Rand’s move to join forces with a property manager is somewhat divergent from the other two major platforms. Over the summer, Roofstock acquired property manager Streetlane, which specializes in institutional investors or portfolios worth more than $20 million, according to Roofstock founder Gary Beasley. However, Roofstock has continued its practice of referring smaller retail investors to a third-party property manager in the market where the house is, and Streetlane remains focused on larger investors.

“Think of us like the real estate investment cloud,” Beasley told Curbed over email. “All investors need is capital and an investment thesis, and we can execute it seamlessly through our Roofstock Platform Services group. Investors end up with a professionally constructed and managed portfolio built to their desired specifications, leveraging our team, technology, and infrastructure.”

Investimate, a product of HomeUnion, originally served as a platform to connect retail investors with SFR properties, but has since transformed into a platform for businesses like property management companies and real estate agents to connect with investors. If a property management company is servicing a house owned by someone who wants to sell, the company can list the property on Investimate and find a new buyer who wants to retain them as the property manager.

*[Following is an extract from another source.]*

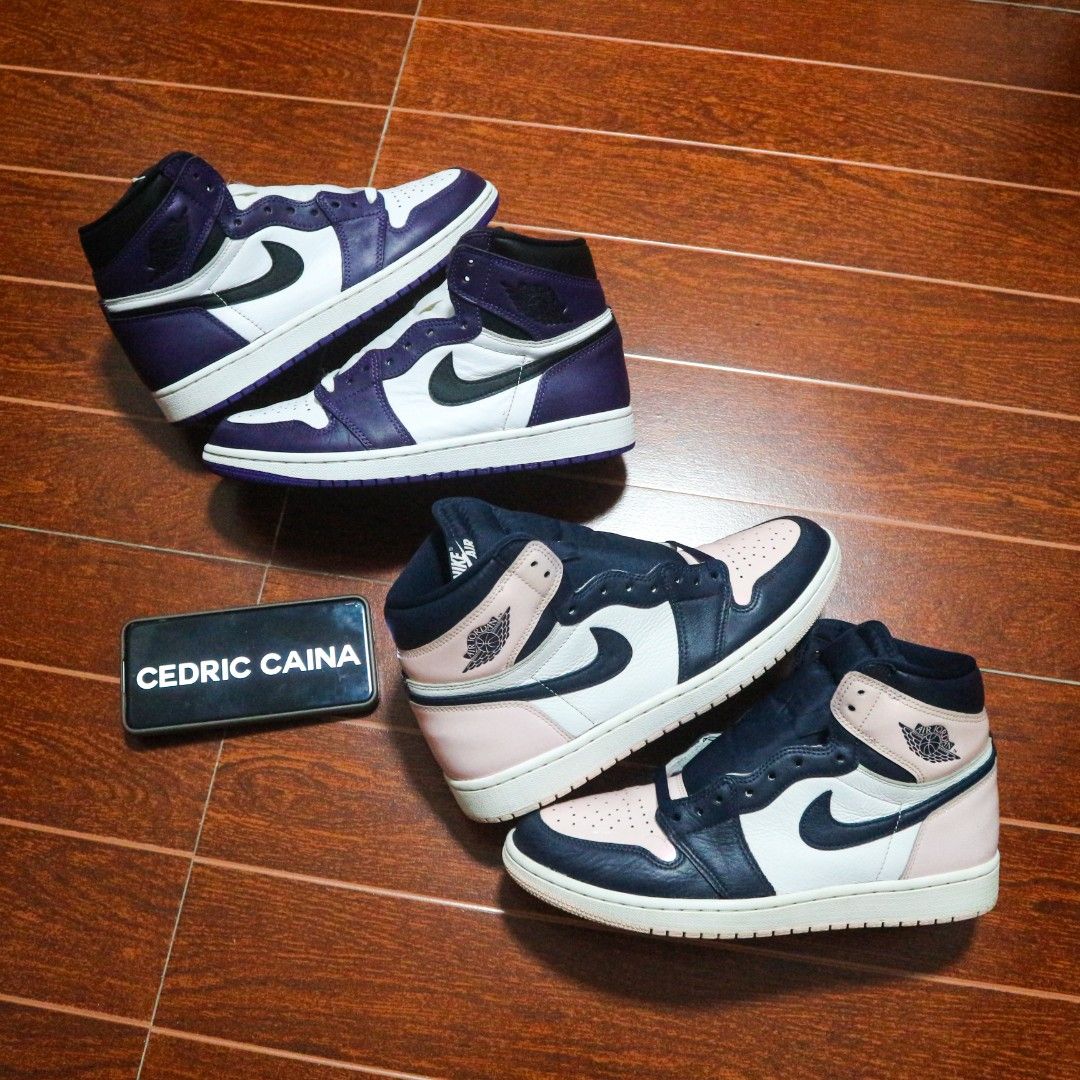 Authentic Jordan 1 Highs For Sale! (9US) (Category: Sneakers) located in Rizal. Submitted by dricflair_04 (Listing ID 1470930050, Image 1). Description: For Sale! Jordan 1 High "Court Purple" Size 9US // Very Good Condition // SOLD *Issue: no box, signs of usage Jordan 1 High "Bubblegum" Size 9US // Very Good Condition // P3,000 Only! *Issue: no box, signs of usage Vouch and video call FB/IG: 1800Sole.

Investimate founder Don Ganguly believes this approach allows his platform to broaden the scope of who it can serve, instead of limiting it to investors who want full service from end-to-end. He says the number of SFR investors who self-serve on things like property management is as much as 99 percent of the market.

“There are many people that are buying on their own that don’t necessarily need the full service offering but would like to use the platform,” Ganguly said. “For the investment community we felt like there’s a much bigger audience if we allowed people to use the platform to actually do what they want and not just target the full service folks.”

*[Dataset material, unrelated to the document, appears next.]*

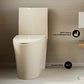 St. Tropez One-Piece Elongated Toilet Vortex Dual-Flush 1.1/1.6 gpf Rose Gold Hardware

While the SFR platforms launched to bring institutional tools to mom and pop investors, institutional players like Invitation Homes use them as well. Rand says that big SFR companies tap into his platform’s API to monitor the available inventory and make offers on homes that match their buying criteria. Ganguly says Investimate also serves institutional players.

While the big players in SFR have made a lot of noise over the last five years, they still make up a relatively small portion of the market. Of the estimated 16 million SFR homes in the United States, roughly 250,000 of them are owned by big institutional companies like Invitation Homes. About half of all SFR landlords own only one rental property.

With the SFR properties having only recently become a full-blown sector of the real estate industry, the consolidation of SFR service providers is likely to continue.

“We do believe that scale matters, so I would not be surprised to see more consolidation in our sector, both on the ownership and property management side,” Beasley said.